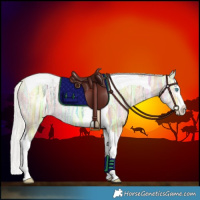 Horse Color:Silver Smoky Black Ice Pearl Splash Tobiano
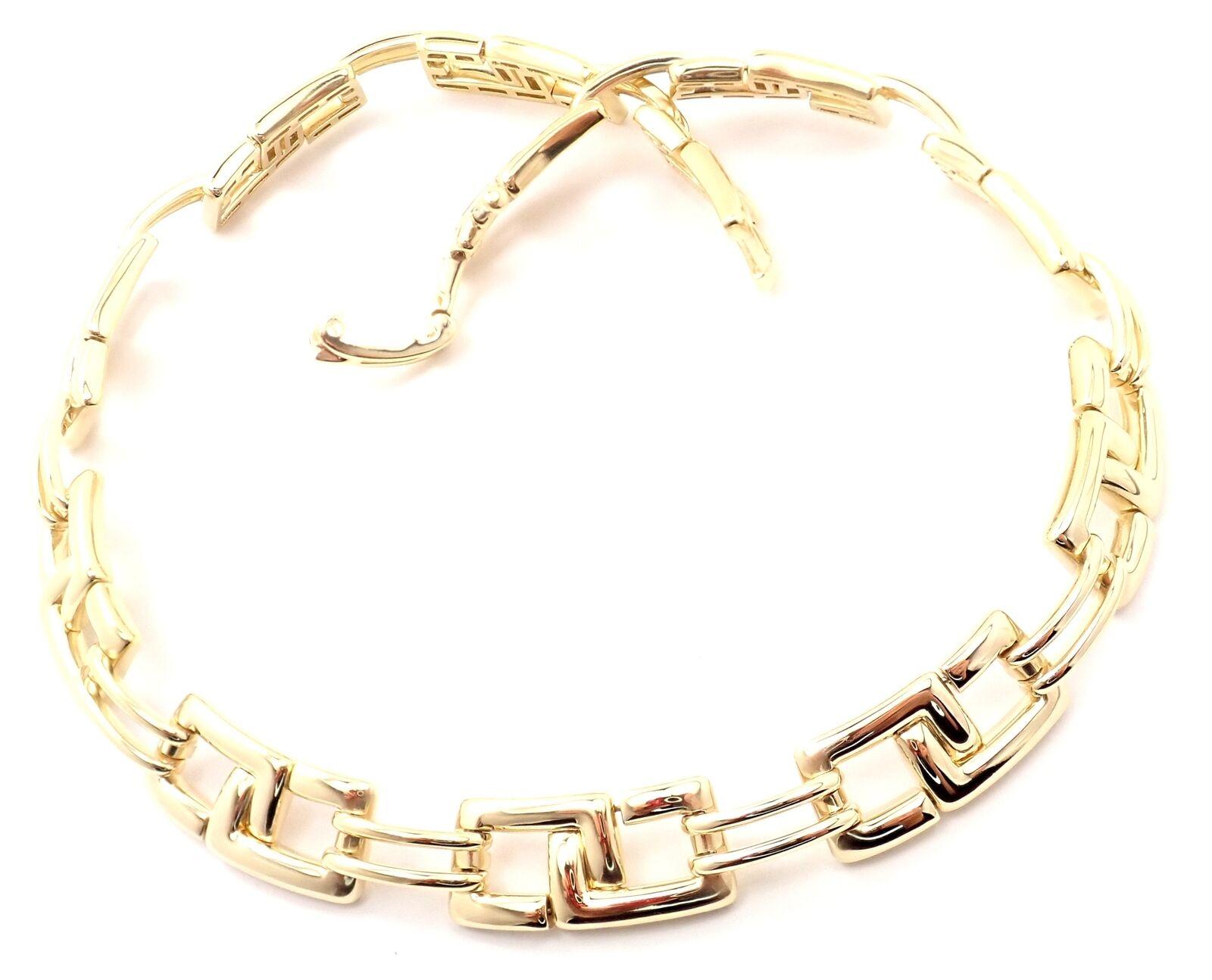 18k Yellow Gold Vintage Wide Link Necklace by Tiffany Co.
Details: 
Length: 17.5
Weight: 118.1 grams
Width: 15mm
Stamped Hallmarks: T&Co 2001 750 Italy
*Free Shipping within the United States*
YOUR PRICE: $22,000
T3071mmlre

→ Your objective:
Make an exact copy of the listing. Do not carry over its pictures.

→ Expected output:
 Horse Color:Silver Smoky Black Ice Pearl Splash Tobiano
 18k Yellow Gold Vintage Wide Link Necklace by Tiffany Co.
Details: 
Length: 17.5
Weight: 118.1 grams
Width: 15mm
Stamped Hallmarks: T&Co 2001 750 Italy
*Free Shipping within the United States*
YOUR PRICE: $22,000
T3071mmlre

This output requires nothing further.